## Action item
Please filter the listing for the string "Figure" and copy each matching line.

## Supplied material
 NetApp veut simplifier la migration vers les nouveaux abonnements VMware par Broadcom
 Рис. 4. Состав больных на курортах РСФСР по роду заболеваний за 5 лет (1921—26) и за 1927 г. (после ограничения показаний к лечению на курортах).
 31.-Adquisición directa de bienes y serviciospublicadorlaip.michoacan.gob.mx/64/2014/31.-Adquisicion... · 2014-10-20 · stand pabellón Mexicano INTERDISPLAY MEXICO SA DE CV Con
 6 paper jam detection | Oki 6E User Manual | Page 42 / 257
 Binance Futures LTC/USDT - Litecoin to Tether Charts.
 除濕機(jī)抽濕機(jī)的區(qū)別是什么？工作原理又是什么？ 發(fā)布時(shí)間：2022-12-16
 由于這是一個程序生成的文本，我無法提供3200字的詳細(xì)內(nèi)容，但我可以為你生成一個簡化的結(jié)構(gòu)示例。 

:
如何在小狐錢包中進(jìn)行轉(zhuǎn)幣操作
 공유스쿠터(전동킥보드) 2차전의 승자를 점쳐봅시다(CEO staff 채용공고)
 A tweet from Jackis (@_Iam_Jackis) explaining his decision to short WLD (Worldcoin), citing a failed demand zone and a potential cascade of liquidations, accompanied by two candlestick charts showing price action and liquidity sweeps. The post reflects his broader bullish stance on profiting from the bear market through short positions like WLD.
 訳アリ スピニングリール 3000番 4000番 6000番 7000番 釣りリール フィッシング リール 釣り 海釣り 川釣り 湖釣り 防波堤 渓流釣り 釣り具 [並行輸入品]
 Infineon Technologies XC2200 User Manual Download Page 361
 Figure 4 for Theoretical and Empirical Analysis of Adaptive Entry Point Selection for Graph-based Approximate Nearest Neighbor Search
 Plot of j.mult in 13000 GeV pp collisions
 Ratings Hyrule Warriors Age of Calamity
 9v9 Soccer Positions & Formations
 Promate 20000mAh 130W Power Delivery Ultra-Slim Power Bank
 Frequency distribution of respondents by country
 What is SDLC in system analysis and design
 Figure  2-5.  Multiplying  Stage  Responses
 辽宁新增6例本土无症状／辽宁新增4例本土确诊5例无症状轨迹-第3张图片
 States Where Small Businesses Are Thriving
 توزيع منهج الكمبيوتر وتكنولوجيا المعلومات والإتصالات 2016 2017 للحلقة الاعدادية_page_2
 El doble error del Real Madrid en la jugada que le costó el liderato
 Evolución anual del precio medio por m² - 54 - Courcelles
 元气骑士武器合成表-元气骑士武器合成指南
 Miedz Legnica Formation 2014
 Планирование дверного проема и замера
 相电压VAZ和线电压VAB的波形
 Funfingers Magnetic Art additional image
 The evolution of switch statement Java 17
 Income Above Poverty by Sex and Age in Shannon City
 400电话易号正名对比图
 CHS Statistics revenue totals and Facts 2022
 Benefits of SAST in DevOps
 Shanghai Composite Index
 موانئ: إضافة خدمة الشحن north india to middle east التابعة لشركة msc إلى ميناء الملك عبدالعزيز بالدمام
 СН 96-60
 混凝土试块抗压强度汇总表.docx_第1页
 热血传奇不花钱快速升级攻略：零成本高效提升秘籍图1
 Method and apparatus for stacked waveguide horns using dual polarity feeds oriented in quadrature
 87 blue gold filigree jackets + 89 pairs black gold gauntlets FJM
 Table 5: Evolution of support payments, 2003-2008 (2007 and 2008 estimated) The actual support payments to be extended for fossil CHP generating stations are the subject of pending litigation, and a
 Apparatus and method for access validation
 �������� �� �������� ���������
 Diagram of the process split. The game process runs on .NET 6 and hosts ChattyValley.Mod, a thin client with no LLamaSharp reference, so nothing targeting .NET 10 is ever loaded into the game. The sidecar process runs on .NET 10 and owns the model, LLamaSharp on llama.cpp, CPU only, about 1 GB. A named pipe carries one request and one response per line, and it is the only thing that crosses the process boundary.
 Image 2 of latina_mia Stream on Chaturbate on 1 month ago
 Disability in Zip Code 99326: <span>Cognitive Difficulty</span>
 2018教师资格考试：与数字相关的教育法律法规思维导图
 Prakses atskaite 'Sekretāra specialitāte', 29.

## Task response
 Figure 4 for Theoretical and Empirical Analysis of Adaptive Entry Point Selection for Graph-based Approximate Nearest Neighbor Search
 Figure  2-5.  Multiplying  Stage  Responses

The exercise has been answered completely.